Friday, October 26, 2018

NE 100 Highest (#98) - East Kennebago Mtn, Maine

Friday, October 26, 2018 - After another GREAT Breakfast at "The Looney Moose", I headed down the road. 10 miles later I turned off State Hwy 16 West, at Langtown Mill:

I took a right off the blacktop, and drove on the bridge over the Dead River:


After the bridge, you take a quick right and drive a dirt road with HUGE POOLS OF WATER - they might be frozen, they might not be frozen - they might be shallow, or they might be VERY DEEP. You take it VERY SLOW and stay as far to one side or the other as you can:

Once snow covered the road, I followed car/truck tires up. Because I thought "They must know where they are going", I mistakenly continued straight at one point, when I should have taken a hard left uphill. On my mistaken straightaway, I finally parked where there was enough space, and before the road "got bad":

I started hiking up this road around 9:30, expecting it to "go up" and turn into a trail. It didn't. After 30 minutes of relatively flat hiking, I pulled out my iPhone - one of my apps has "altitude", and I wanted to be up around 3000 feet. Um, I was actually around only 2000 feet:

So I headed back to the car - a very nice 3 mile hike in just about an hour. Fresh air, sunny day, get the body moving. And this is how my "lower hike" compares with the Real One:


Once I turned around and drove back, I easily identified "the correct turn":


I drove up as far as I was supposed to. This looks back down the road:

Over the car at the beautiful view:

And looking up my path-to-be:


The trail started out wide, with another set of footprints coming down - I guess they are leftover from yesterday:

After a while, it narrowed to a path:


After 0.98 miles I came to where I was supposed to turn left into the woods. I had previously printed 3 versions of what today's hike would look like:

There are 3 parts:
1) the mile northeast uphill on the road/trail,
2) a sharp-left cutback through the woods (marked by a piece of wood painted yellow) - straight path, and marked by yellow blazes on the trees (1/3 mile?, ?1/2 mile?)
3) when you get to the yellow-and-blue blaze on a tree ("top of high ground on the trail"), take a right and go up for the summit.

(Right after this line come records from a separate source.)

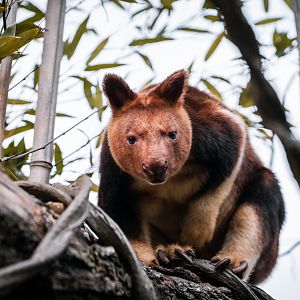 Goodfellow' Tree Kangaroo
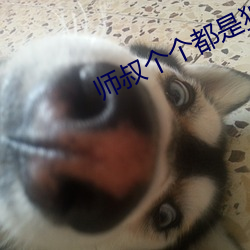 师(師)叔(叔)个个都是狼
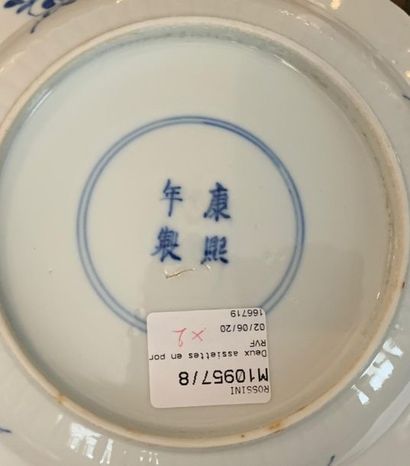 null CHINE, XIXème siècle

Paire d'assiettes en porcelaine décorée en bleu sous couverte...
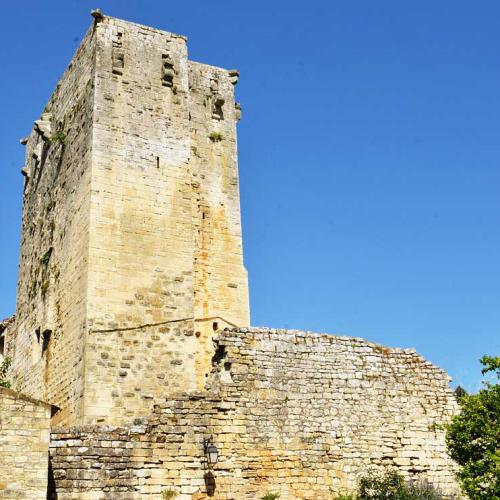 le donjon du château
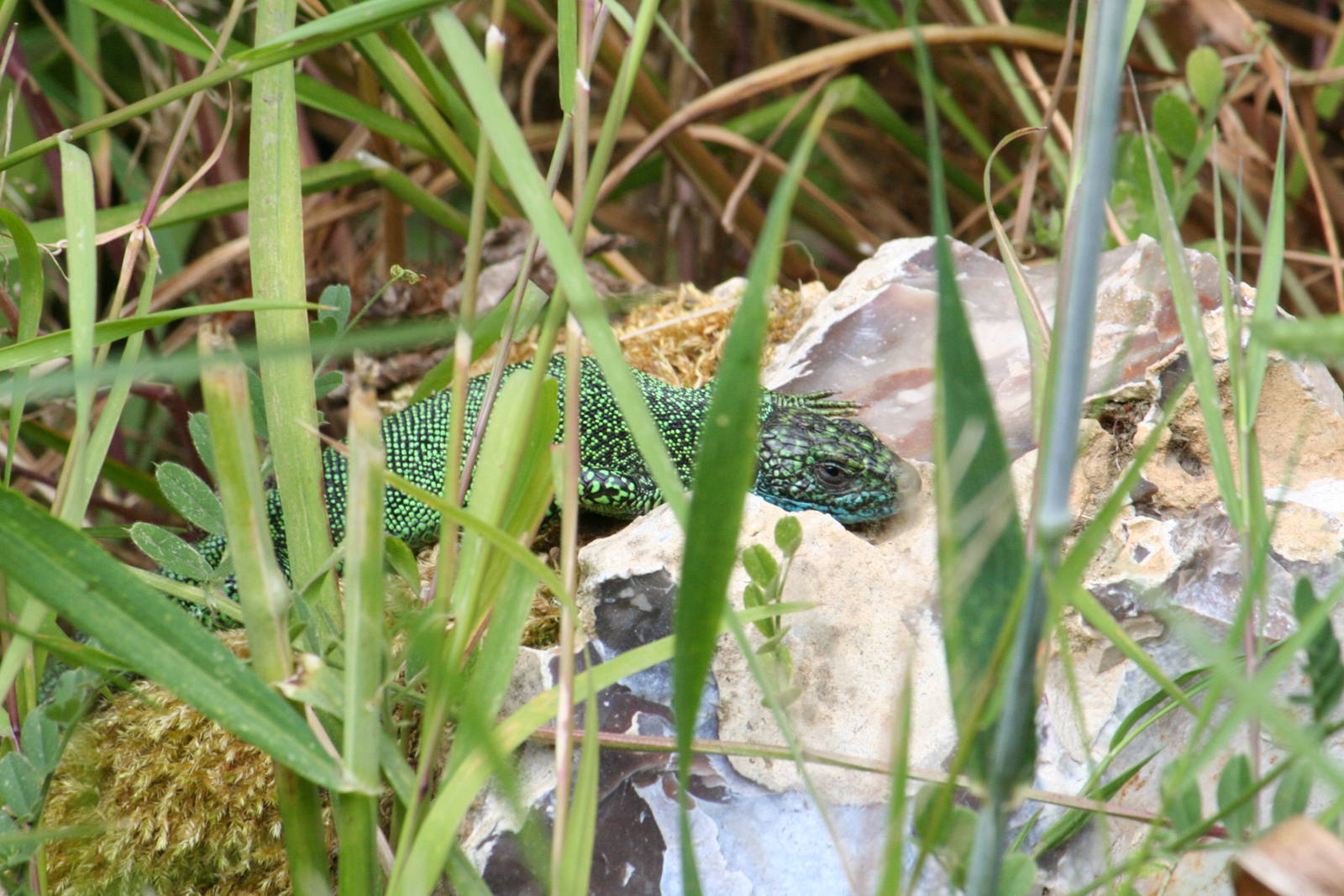 Green lizard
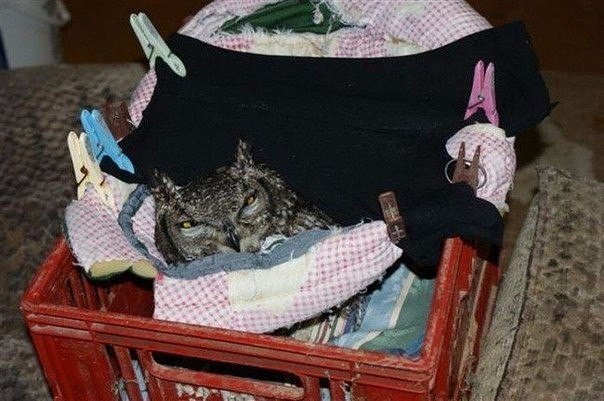 Прикольные животные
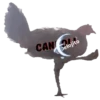 Gallina Italiana 10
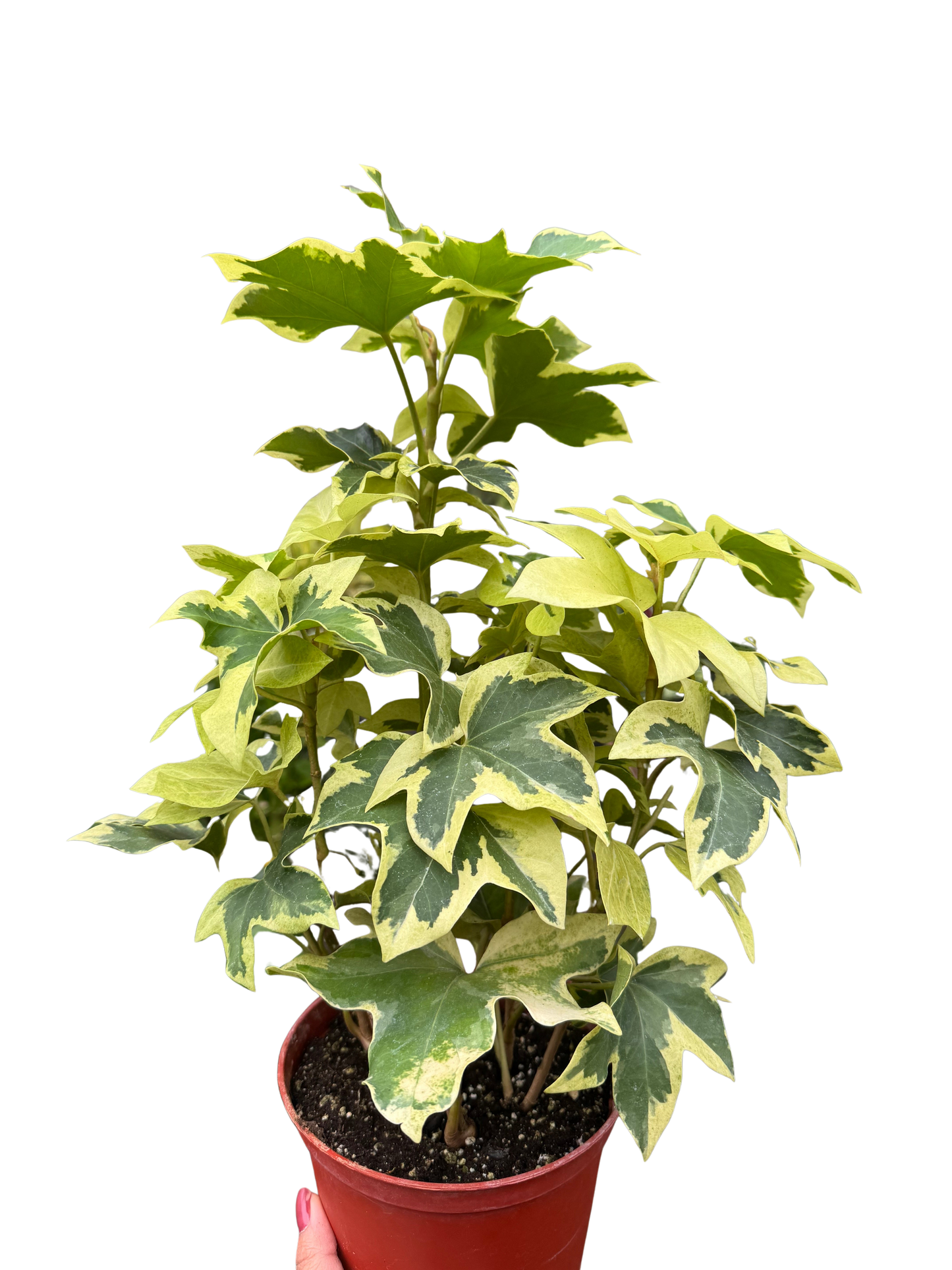 Ivy Tree Variegated potted plant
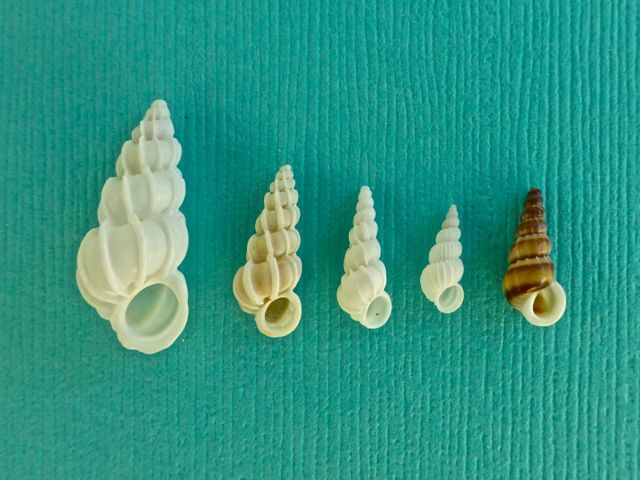 How To Find Wentletrap Shells On Sanibel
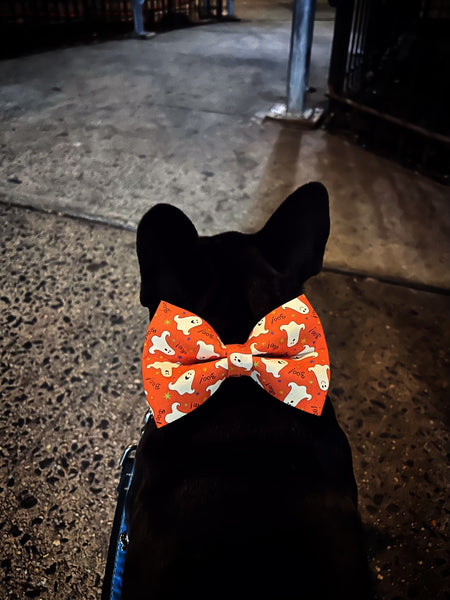 Glow in the Dark Bow Tie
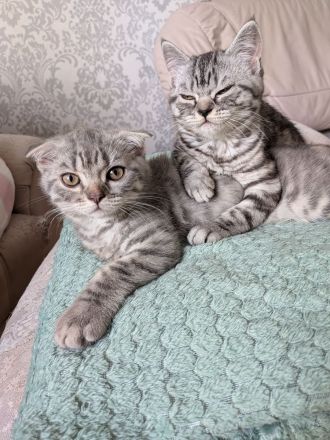 2 Kitten BKH, Katzenbabys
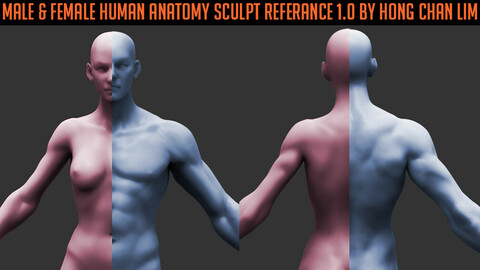 Female & Male Human Anatomy zbrush Sculpt reference by Hong Chan Lim(bundle pack)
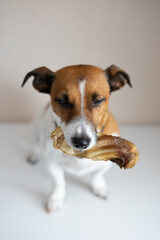 Jack Russell Terrier sitting on the floor with a bone in his mouth
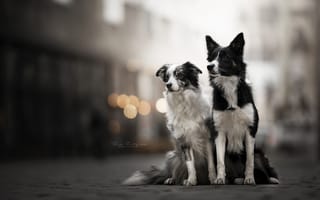 Картинка собаки, друзья, улица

I used my Spidey-Sense a lot today. Going up I kept looking to my left, and it was just thick woods - until suddenly it wasn't:

The yellow piece of wood was laying down, with snow on top of it, but I could see a little yellow on its underside (I cleaned it off and propped it up better). The trail was OBVIOUS:

and that's OK with me. It wasn't as straight as I had been led to believe, but it is really the only way through these thick woods.

20 minutes, and 1/3 of a mile later, I was standing on the path, with a gut sense that the tree-with-the-yellow-and-blue-blaze should be around here somewhere. So I poked at the snow on the tree in front of me and VOILA - HERE IT IS:

As Lefty Gomez, who played for the Yankees in the 1930s, said: "I'd rather be lucky than good".

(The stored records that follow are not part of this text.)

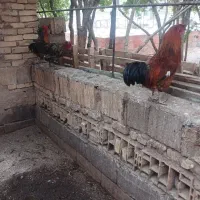خروس جوان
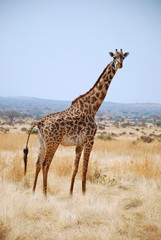 One day of safari in Tanzania - Africa - Giraffe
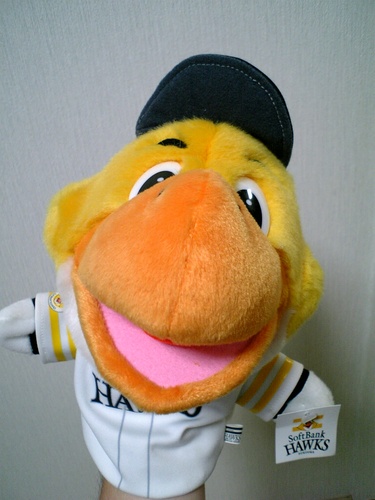 shigeyuki_1008's profile picture. 中学高校卓球部で関東在住の九州男児（福岡県生まれの熊本県熊本市育ち）です。音楽、D1GP、野球（FUKUOKA SoftBank HAWKS：福岡ソフトバンクホークス）が大好きです。よろしくお願い致します！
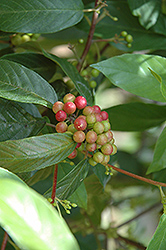 Carolina Buckthorn (Frangula caroliniana) at Lakeshore Garden Centres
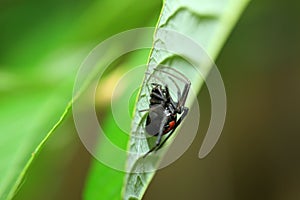 Red-back widow spider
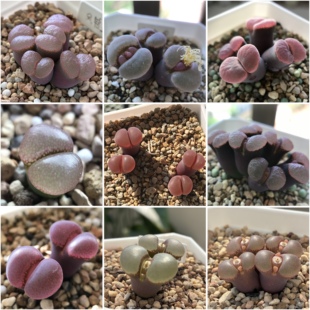 优选风铃玉种子 2026年新种子 请看详情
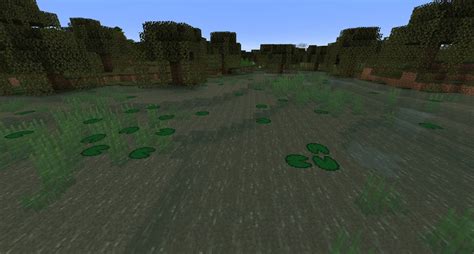 Image result for Swamp Biome Minecraft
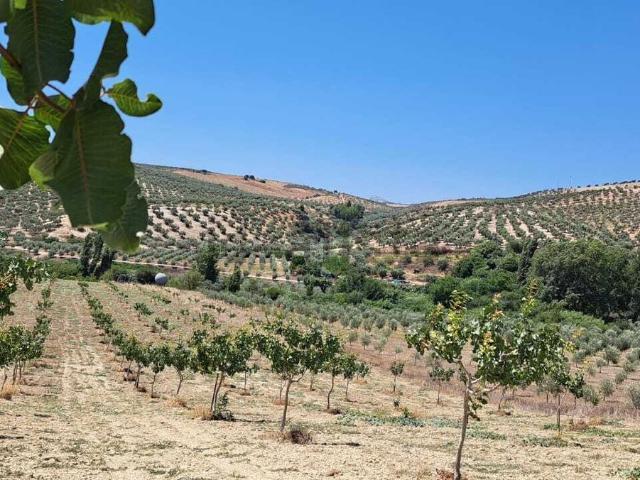 Terreno, Ronda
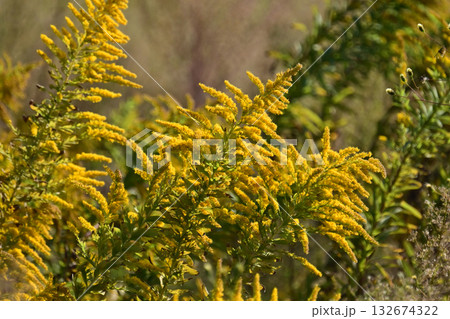 セイタカアワダチソウ (Golden rod) 土地・不動産素材にも セイタカアワダチソウ (Golden rod) 土地・不動産素材にも 132674322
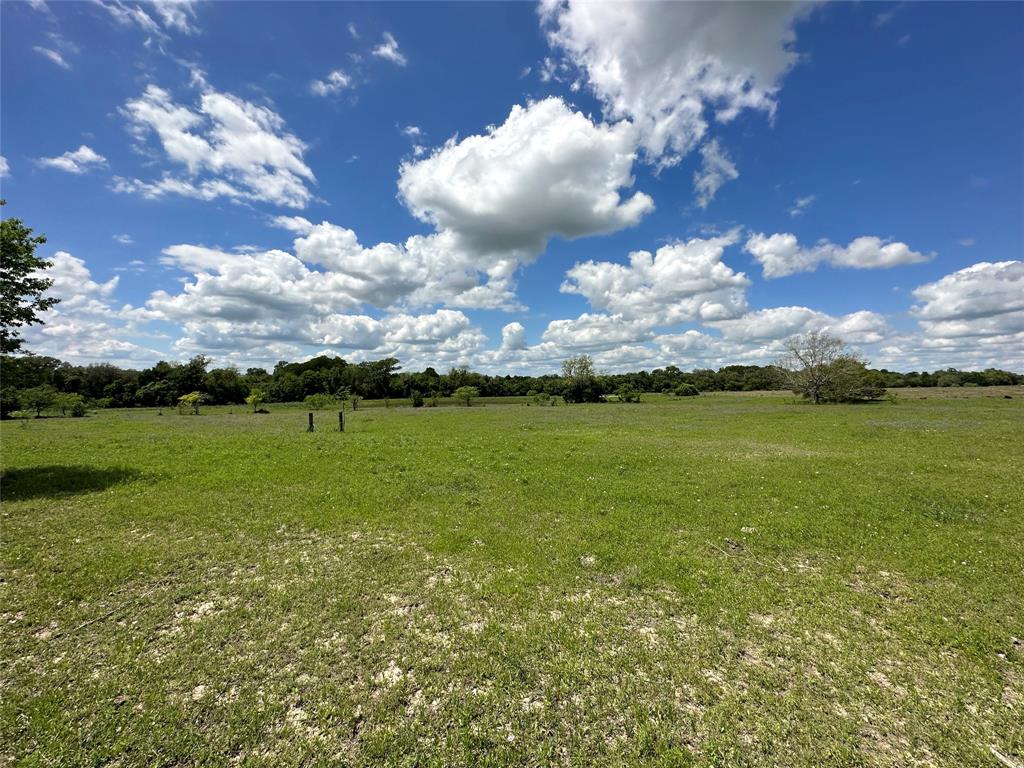 TBD - Lot 4 County Road 222, Schulenburg, Texas image 30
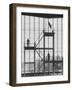 Diving at the Olympic Pool-John Dominis-Framed Photographic Print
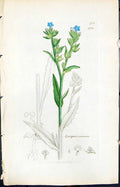 Antique Old Print Lycopsis Arvensis Smith Sowerby 1847 British Plants Botany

I was pleased to see a trail going UP, although not as straight as the one I had just been on:


There were twists and turns, and A LOT OF SNOW:


but 30 minutes (and 1/2 mile) later, I was at the summit of East Kennebago Mtn:


I walked around at the top, and the sky was SOOOOO BLUE:

Did I mention there was snow in northwest Maine?


Going back down WAS A BLAST! With my LL Bean rubber soles, I slid/boot-skied almost all the way down. Very Fun! It took me only 45 minutes to get back to the car (1:30 to get up). 4.3 miles later I was back on blacktop! Wonderful drive back down 16 West (in Maine), which turns into 16 South in New Hampshire. I wanted to stop for pictures many times, but only really did at Chocorua Lake in Tamworth, New Hampshire:


Wow - so this is what "October" is supposed to be like! Pretty nice!

Back in Massachusetts, I didn't want to just bang the corner (go down 95 and then up 128) - it is the Friday-before-Halloween, and I imagine there will be A LOT of traffic to Salem. So I cut over on 133 and went through Rowley, Ipswich and Essex. Home around 7:15 - Thank you GOD for all these Great Adventures (only 2 mountains left!)

Today's music:

Laurence Juber - LJ Plays The Beatles!, 2000

wonderful acoustic guitar renditions of 14 Beatles songs.

Chris Whitley - Living with the Law, 1991


The Beatles - Magical Mystery Tour, 1967


Linda Ronstadt - Living in the USA - record, 1978

I have on my iPod the 2 sides I ripped from the original record (side 1 and side 2). It sounds lush and full. I just ripped it as a cd, and I'm interested to see if I can hear any differences - a nice little audio adventure.

various artists - Living In Oblivion: The 80's Greatest Hits, Vol. 2


The Doobie Brothers - Livin' On The Fault Line, 1977


Jackson Browne - Lives In The Balance, 1986


J. Geils Band - "Live" Full House, 1972

WOW - WHAT AN EXCELLENT LIVE ALBUM!!!